Here at A3 we're big supporters of scientific progress in addiction treatment. It may be true that addicts need to want recovery in order to truly turn their lives around, but the choice is hardly ever that simple. If we can tip the balance in favor of treatment, or a better way of life, I say let's go for it. When it comes to genetics and addiction, I've normally talked only about the fact that one's genetic code may predispose him or her to addiction or other related conditions (like depression and anxiety). Aside from a single mention of pharmacogenomics, I don't think I've spoke about the way genetics can help us tailor addiction treatment. We're about to fix that.
Replacement therapies and quitting smoking
You've heard of nicotine patches and gums, right? In the research community, those are all known as nicotine replacement (NR) therapies and they've proven to be some of the most helpful tools for those who are quitting smoking. By allowing smokers to still get the nicotine their body craves (even though there are thousands of other chemicals in cigarettes that make them even more satisfying) without having to light up, these NR methods let cigarette addicts get their nic fix while slowly lowering their dose and getting away from the habit of putting a cigarette in their mouth. Like methadone, buprenorphine, and other replacement therapies, the idea is to move addicts one step away from actual addictive behavior and allow them to adopt a healthier way of living. Replacement therapies are successful, even if some people hate the idea of giving drugs to drug addicts, and nicotine replacement works well by itself for some smokers (about 20 percent).

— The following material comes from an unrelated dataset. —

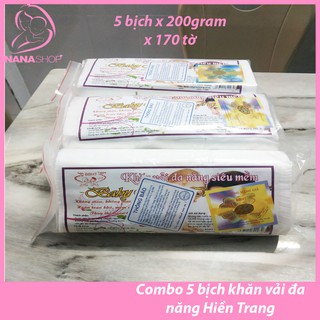 Khăn vải khô Hiền Trang loại 200gram ( 5 bịch x 170 tờ)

But when it comes to nicotine, like with many other drugs, different people metabolize the stuff at different rates. The individual variability in the internal processing of nicotine greatly affects how many cigarettes individuals smoke and also the probability that they will become addicted to tobacco (people who metabolize nicotine more quickly smoke more and are more likely to become addicted to smoking). Fast metabolizers are also half as likely to be able to use nicotine replacement alone to quit smoking (1). Fortunately for smokers, the only research finding in this area hasn't been that slow metabolizes have a much better chance of quitting smoking with nicotine replacement therapy. When you put all of the addiction research together, it becomes obvious that the same variability in nicotine metabolism can also help us determine the best course of treatment for tobacco addiction.
The same group of addiction researchers also found that buporopion, the smoking cessation medication everyone knows as Zyban (and the antidepressant called Wellbutrin), could help those fast metabolizers catch up with the slow metabolizers when it came to quitting (see the figure on the left taken from the actual study—you see that the dark bars, who are the bupropion patients, do as well as the white bars, the slow metabolizers, regardless of their metabolism rate, which is broken down into four categories on the bottom
). The researchers found that while slow matabolizers of nicotine did much better with simple smoking cessation therapy and fast metabolizers did very poorly (30 percent versus 10 percent quit, respectively, in each of the groups), adding bupropion made all groups look essentially the same (2). The moral? While those slow metabolizers don't really get much of a benefit from using bupropion since they do pretty well with talk therapy or nicotine replacement alone, the fast metabolizers really need it to even their chances of quitting—and once they get bupropion, they do pretty well!
Genetics and addiction treatment—just the beginning?
Hopefully you're now convinced that genetics can really help us determine what treatment course will best suit a specific person over another. There's little question that this sort of approach is in its infancy, and you certainly can't go to a doctor right now and get your metabolism rate for a drug analyzed (unless you're part of a research study), but this sort of work shows great promise in improving the outcomes of addiction treatment. When you look back at that original paragraph, and the quite common thinking that addicts need to want to be better—I would argue that those fast metabolizers probably wanted to quit smoking as much as anyone else in the study, and their physical makeup just made it much more difficult for them. If you look at addiction science closely, you'll find that this supposed lack-of-motivation is more of a myth than a reality. Many addicts want to get better, they want to stop behaving in ways that destroy their lives but they just find it incredibly difficult. My hope is that this is where science can truly make a difference, by making it just a little bit easier...
Hopefully one day we'll be able to adjust addiction treatment according to individual patients' needs, including the use of medications, specific behavioral treatments, and more.
1) RA Schnoll, F Patterson, EP Wileyto, RF Tyndale, N Benowitz, & C Lerman. Nicotine metabolic rate predicts successful smoking cessation with transdermal nicotine: A validation study (2009).
2) F Patterson, RA Schnoll, EP Wileyto, A Pinto, LH Epstein, PG Shields, LW Hawk, RF Tyndale, N Benowitz& C Lerman1. Toward Personalized Therapy for Smoking Cessation: A Randomized Placebo-controlled Trial of Bupropion (2008).